I'm on record as having a fair amount of contempt for the relationship writings of conservative radio host Dennis Prager, so I braced myself when he started writing a series of columns -- posted at National Review -- about what men and women most want in the world. His column today on the second part of that question (what women want) turned out to be not as awful as I feared, but still off-target.
What a woman most wants is to be loved by a man she admires.
The notion that a woman most wants a man, admirable or not, has been scoffed at. This was encapsulated by the famous feminist slogan, “A woman without a man is like a fish without a bicycle.” Even feminism that did not agree with the fish-bicycle metaphor communicated to young women that an “authentic” woman would not have as her greatest desire to bond with a man.
It is problematic enough to say that a woman most wants a man. But that pales compared to the claim that she most wants man whom she admires. That seems to affirm gender inequality. The image it conjures up is of a woman looking up to her man as if he were some sort of lord and she his serf.
Yet any woman who believes that she is married to an admirable man would laugh at such a dismissal. Admiring one’s husband doesn’t render a woman a serf.
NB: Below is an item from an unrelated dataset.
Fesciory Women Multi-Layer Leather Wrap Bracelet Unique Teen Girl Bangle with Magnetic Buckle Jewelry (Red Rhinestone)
It renders her fortunate.
I have no doubt that some women, many women, want most to be loved by a man they admire. Furthermore, I have little doubt that in the conservative circles Prager runs in, there are many, many women who profess as much. (I went to an evangelical Mennonite college in the Midwest where women regularly said they were seeking a husband who could provide "Christian leadership." I know that lots of folks like this exist.) Where Prager goes wrong, I think, is in his apparent implication that he could pluck any woman out of a crowd and know that's what she wants most -- or if she doesn't, she's clearly been brainwashed by feminism.
First of all: Not every women wants to be loved by a man.
Second: Love isn't necessarily the highest goal of every remaining straight woman. Different people prioritize things differently.
Third: Prager is right that the word "admires" does conjure some of the cognitive trouble he expected. If he'd used the word "respects" -- and I think it would've covered many the aspects he intends by the word -- I might not quibble. Much.
But all of this, as I said, is incidental to Prager's foundational problem: His belief that he knows what women want. Modern conservatism, as a political tradition, tends to very strongly emphasize individual rights and responsibilities -- rhetorically, at least, it recognizes that different people want different things, and wants them to be free to pursue those different things in their own way. Prager doesn't seem to really belong to this tradition, though. Instead -- whether he realizes it or not -- he's the reason that feminism came into being in the first place: Because some women wanted the freedom to make and pursue different choices than the ones expected of them in a male-dominated society.
It may be that many women want what Prager believes they want; but his framing doesn't allow for the possibility that healthy women may make other choices, may want other things. Indeed, he pretty clearly holds such differing ideas in contempt. So while some of his advice might seem sound -- dudes, work hard to improve your lot in life! -- it's founded in a worldview that seems to deny women their individuality. Because of that, I'm not really interested in taking his relationship advice.